- ASSIGNMENT: All records below are to be set down precisely as written, excluding pictures.

- DATASET RECORDS:
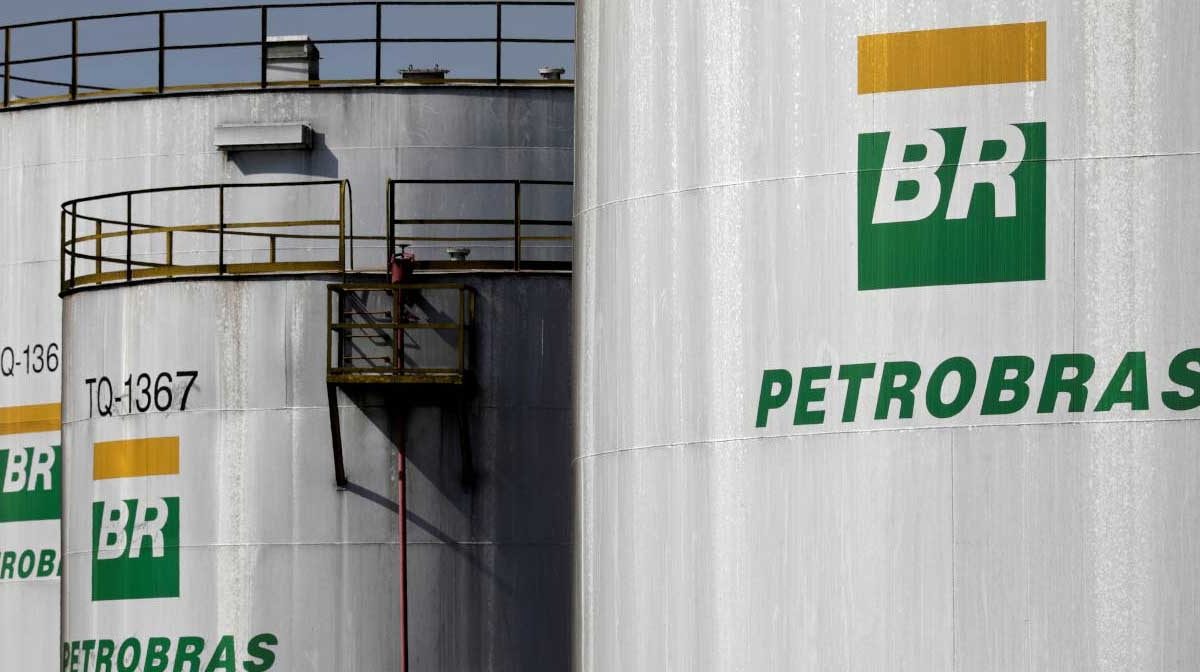 Transição pede para Petrobras suspender venda de ativos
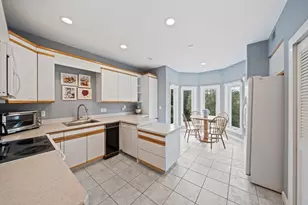 72 Kim Terrace, Stoughton, MA 02072 - Photo 3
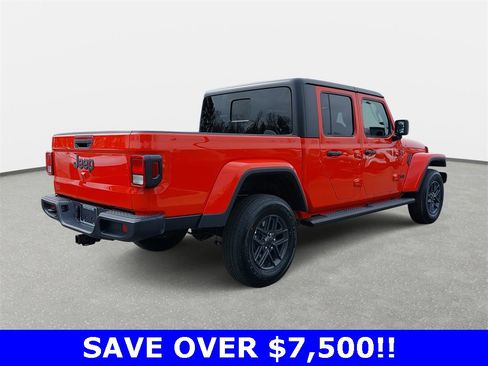 New 2025 Jeep Gladiator Sport image 5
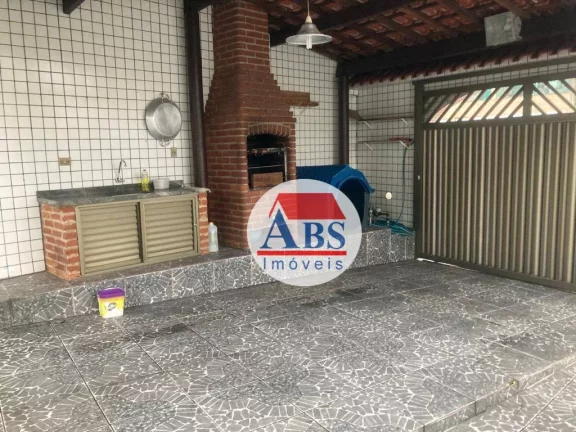Imagem Casa isolada, 3 dormitórios com 1 suíte. Aceita FGTS e financiamento.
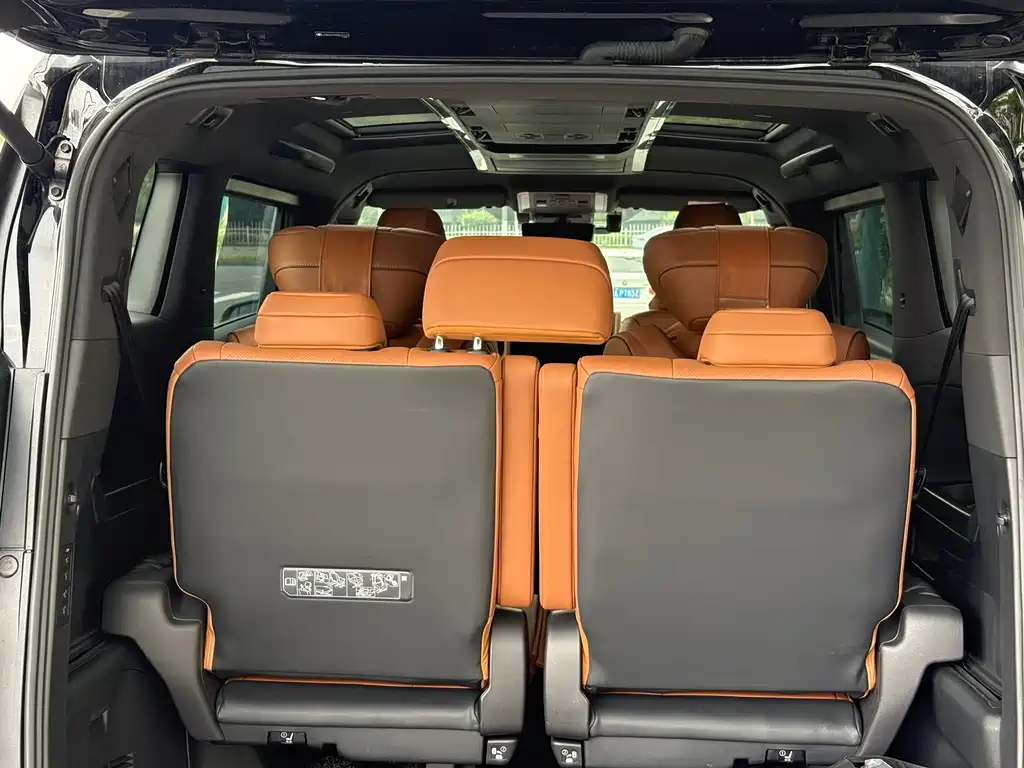 Toyota Vellfire 2025 — фото 9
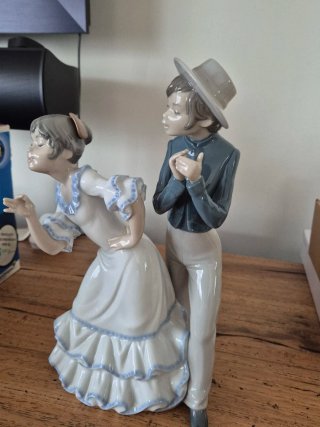 Figura de cerámica pareja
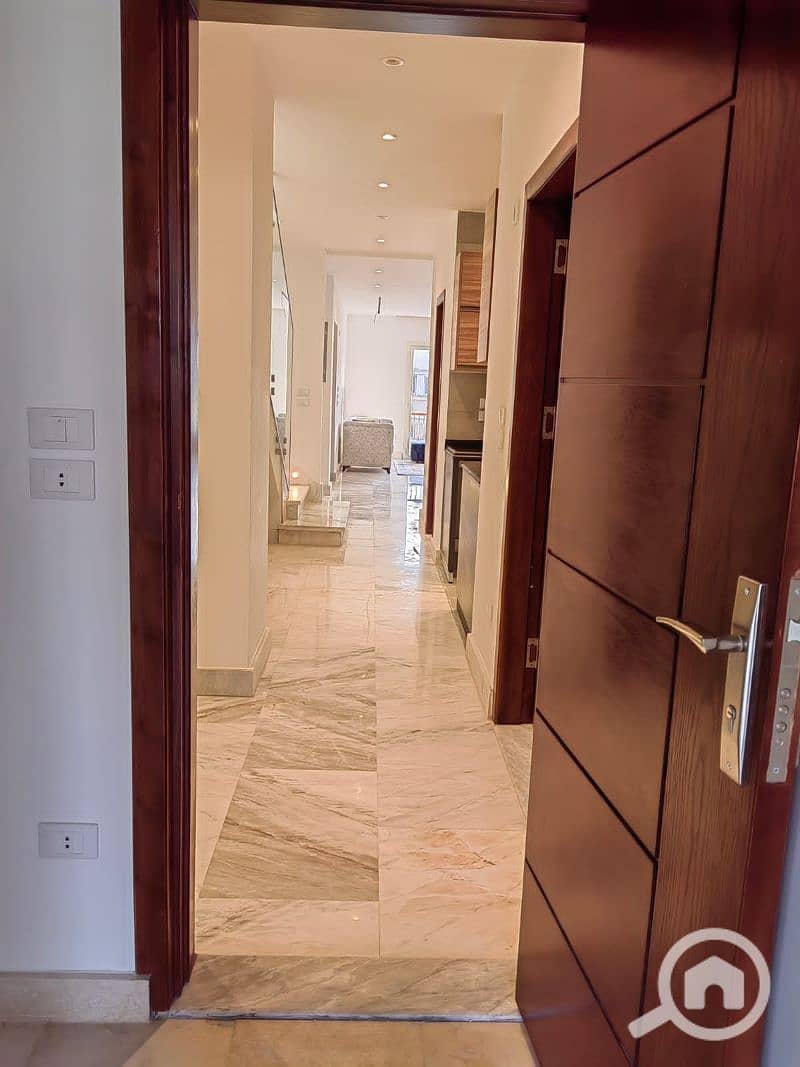 7 5ded501c-cbd2-4795-8ea1-60408bbd05fe. jfif. jpg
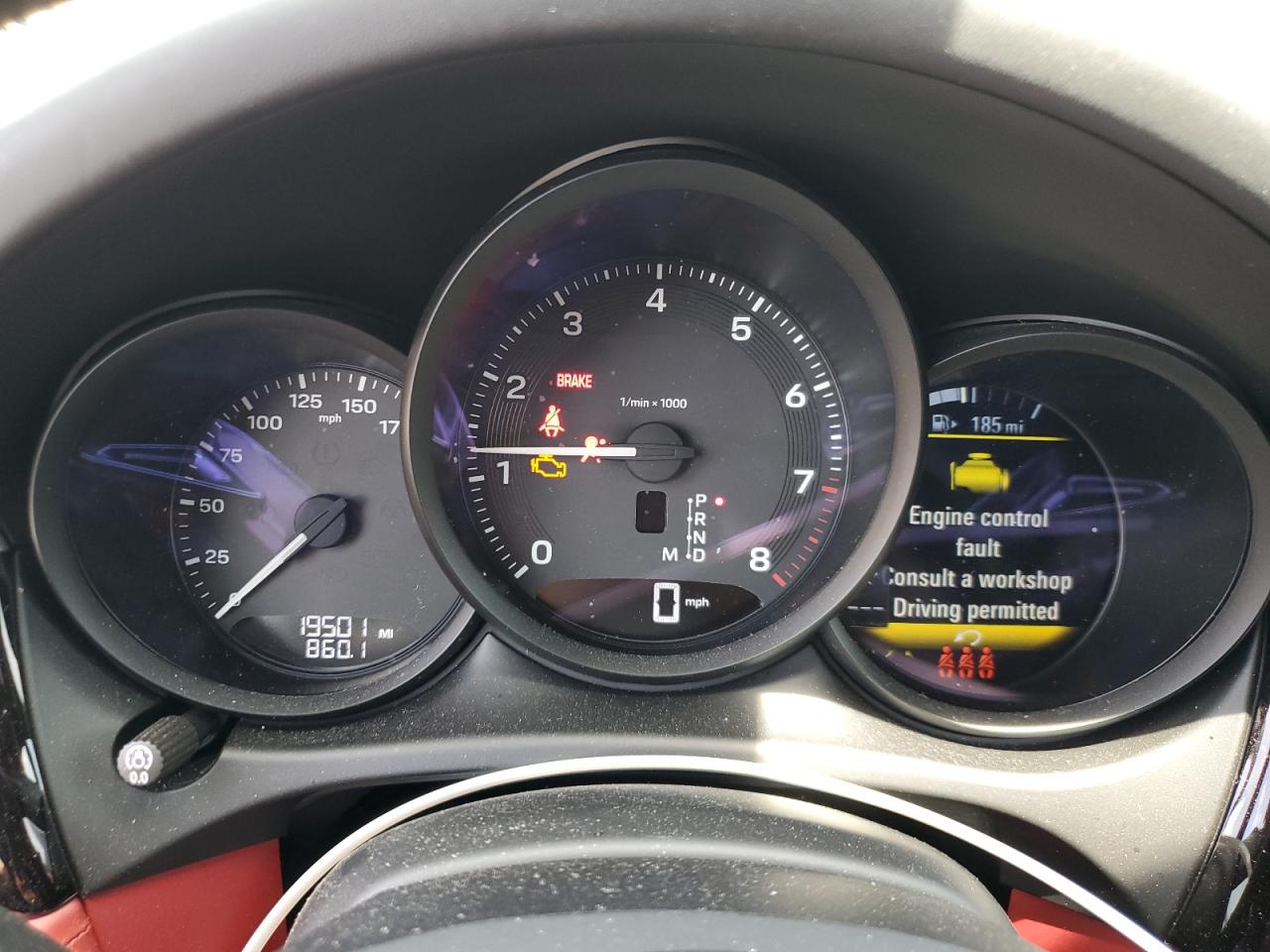 Porsche Macan Base Base Image 8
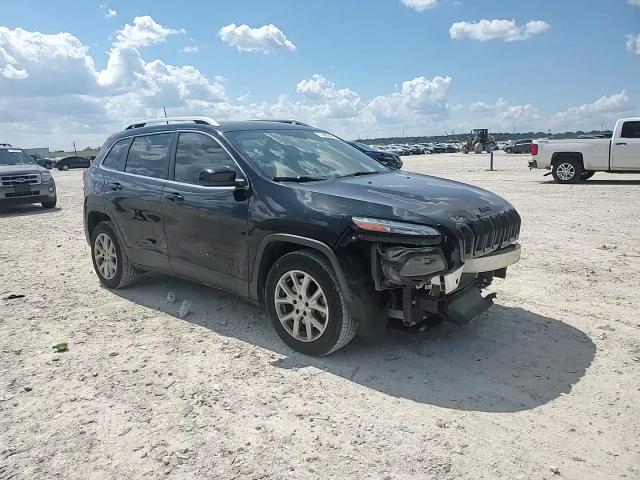 2018 Jeep Cherokee Latitude Plus VIN: 1C4PJLLB9JD504213 Lot: 71465844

- RESPONSE AREA:
 Transição pede para Petrobras suspender venda de ativos
 72 Kim Terrace, Stoughton, MA 02072 - Photo 3
 New 2025 Jeep Gladiator Sport image 5
Imagem Casa isolada, 3 dormitórios com 1 suíte. Aceita FGTS e financiamento.
 Toyota Vellfire 2025 — фото 9
 Figura de cerámica pareja
 7 5ded501c-cbd2-4795-8ea1-60408bbd05fe. jfif. jpg
 Porsche Macan Base Base Image 8
 2018 Jeep Cherokee Latitude Plus VIN: 1C4PJLLB9JD504213 Lot: 71465844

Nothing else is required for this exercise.